WHAT YOU HAVE TO DO: Copy exactly the lines of the records below, and only those lines, beginning with the line that contains "- بضمان سنة" and ending with the line that contains "Bold Geometric Bulldog Graphic Tee - Black".

WORKING DATA:
● ● ● ● ● ● ●

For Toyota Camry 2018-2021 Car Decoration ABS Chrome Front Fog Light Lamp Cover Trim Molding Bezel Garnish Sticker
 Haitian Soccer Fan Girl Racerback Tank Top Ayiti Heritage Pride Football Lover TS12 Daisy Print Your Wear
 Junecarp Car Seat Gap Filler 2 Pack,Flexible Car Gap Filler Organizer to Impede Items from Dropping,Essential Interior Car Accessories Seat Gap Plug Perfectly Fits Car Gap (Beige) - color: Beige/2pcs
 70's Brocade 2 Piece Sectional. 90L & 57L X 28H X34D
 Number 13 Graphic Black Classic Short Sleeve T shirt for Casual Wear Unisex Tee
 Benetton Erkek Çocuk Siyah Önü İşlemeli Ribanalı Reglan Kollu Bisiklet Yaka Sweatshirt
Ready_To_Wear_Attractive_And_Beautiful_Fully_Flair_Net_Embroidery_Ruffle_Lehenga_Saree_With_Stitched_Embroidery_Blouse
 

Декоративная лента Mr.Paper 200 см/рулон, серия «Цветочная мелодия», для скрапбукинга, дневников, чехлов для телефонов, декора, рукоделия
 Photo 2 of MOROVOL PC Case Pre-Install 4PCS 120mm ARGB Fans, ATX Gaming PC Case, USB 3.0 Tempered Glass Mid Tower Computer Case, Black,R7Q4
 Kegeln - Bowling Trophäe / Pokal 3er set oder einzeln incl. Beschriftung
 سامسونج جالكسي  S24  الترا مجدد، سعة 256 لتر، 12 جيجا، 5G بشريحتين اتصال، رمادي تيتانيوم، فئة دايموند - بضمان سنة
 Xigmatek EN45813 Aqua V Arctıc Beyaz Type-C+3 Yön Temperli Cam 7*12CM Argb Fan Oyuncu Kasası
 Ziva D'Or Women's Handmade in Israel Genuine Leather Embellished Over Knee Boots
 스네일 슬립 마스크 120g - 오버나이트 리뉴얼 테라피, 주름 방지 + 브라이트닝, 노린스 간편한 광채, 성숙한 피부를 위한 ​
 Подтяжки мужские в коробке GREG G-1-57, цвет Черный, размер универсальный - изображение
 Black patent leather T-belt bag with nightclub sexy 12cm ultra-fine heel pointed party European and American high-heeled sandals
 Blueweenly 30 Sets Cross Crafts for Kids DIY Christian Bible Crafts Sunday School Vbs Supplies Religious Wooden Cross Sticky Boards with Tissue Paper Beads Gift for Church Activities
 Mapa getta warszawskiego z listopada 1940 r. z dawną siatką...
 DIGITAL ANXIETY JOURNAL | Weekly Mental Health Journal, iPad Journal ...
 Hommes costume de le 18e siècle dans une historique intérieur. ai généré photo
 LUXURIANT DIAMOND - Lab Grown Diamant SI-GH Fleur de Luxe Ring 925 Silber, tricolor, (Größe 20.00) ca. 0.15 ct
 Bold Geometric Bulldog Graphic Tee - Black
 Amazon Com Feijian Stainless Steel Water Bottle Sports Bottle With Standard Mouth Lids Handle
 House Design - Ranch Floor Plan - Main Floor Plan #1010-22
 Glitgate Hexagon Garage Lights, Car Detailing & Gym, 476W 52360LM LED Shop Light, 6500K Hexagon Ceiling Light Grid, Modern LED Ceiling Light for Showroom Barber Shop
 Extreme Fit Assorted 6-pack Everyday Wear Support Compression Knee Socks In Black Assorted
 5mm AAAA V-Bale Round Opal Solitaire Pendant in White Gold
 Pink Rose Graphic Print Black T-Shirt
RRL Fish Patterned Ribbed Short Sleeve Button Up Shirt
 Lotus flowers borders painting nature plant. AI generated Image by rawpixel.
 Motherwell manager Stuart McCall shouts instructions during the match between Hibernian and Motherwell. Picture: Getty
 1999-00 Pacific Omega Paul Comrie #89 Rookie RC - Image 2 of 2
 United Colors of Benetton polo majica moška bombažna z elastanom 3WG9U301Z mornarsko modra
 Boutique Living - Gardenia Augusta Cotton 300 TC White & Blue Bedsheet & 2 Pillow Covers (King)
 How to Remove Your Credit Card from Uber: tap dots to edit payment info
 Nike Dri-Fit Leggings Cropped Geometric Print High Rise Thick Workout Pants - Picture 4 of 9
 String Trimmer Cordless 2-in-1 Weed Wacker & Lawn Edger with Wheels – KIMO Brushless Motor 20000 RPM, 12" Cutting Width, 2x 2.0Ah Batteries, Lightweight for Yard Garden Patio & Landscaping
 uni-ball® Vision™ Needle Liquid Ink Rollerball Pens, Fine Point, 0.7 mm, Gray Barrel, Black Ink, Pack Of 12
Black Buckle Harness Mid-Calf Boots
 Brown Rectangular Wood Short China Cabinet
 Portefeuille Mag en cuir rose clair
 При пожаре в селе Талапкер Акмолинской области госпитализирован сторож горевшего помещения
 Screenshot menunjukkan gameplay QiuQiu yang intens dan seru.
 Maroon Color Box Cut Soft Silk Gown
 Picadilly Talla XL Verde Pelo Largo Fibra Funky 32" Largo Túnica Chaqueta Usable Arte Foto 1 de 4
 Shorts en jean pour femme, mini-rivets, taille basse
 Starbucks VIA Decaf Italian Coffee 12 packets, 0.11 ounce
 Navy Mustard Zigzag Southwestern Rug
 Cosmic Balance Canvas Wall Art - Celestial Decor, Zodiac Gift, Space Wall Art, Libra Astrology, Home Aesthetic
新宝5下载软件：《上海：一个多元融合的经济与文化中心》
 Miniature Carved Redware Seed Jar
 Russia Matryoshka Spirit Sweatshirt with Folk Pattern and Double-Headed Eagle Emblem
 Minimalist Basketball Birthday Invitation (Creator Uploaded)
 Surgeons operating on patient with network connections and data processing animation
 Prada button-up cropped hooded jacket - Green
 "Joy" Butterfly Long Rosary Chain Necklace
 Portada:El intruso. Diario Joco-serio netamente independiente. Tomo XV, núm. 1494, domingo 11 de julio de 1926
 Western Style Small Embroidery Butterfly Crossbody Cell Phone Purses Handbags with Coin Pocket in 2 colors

● ● ● ● ● ● ●

RESPONSE TO THIS TASK:
 سامسونج جالكسي  S24  الترا مجدد، سعة 256 لتر، 12 جيجا، 5G بشريحتين اتصال، رمادي تيتانيوم، فئة دايموند - بضمان سنة
 Xigmatek EN45813 Aqua V Arctıc Beyaz Type-C+3 Yön Temperli Cam 7*12CM Argb Fan Oyuncu Kasası
 Ziva D'Or Women's Handmade in Israel Genuine Leather Embellished Over Knee Boots
 스네일 슬립 마스크 120g - 오버나이트 리뉴얼 테라피, 주름 방지 + 브라이트닝, 노린스 간편한 광채, 성숙한 피부를 위한 ​
 Подтяжки мужские в коробке GREG G-1-57, цвет Черный, размер универсальный - изображение
 Black patent leather T-belt bag with nightclub sexy 12cm ultra-fine heel pointed party European and American high-heeled sandals
 Blueweenly 30 Sets Cross Crafts for Kids DIY Christian Bible Crafts Sunday School Vbs Supplies Religious Wooden Cross Sticky Boards with Tissue Paper Beads Gift for Church Activities
 Mapa getta warszawskiego z listopada 1940 r. z dawną siatką...
 DIGITAL ANXIETY JOURNAL | Weekly Mental Health Journal, iPad Journal ...
 Hommes costume de le 18e siècle dans une historique intérieur. ai généré photo
 LUXURIANT DIAMOND - Lab Grown Diamant SI-GH Fleur de Luxe Ring 925 Silber, tricolor, (Größe 20.00) ca. 0.15 ct
 Bold Geometric Bulldog Graphic Tee - Black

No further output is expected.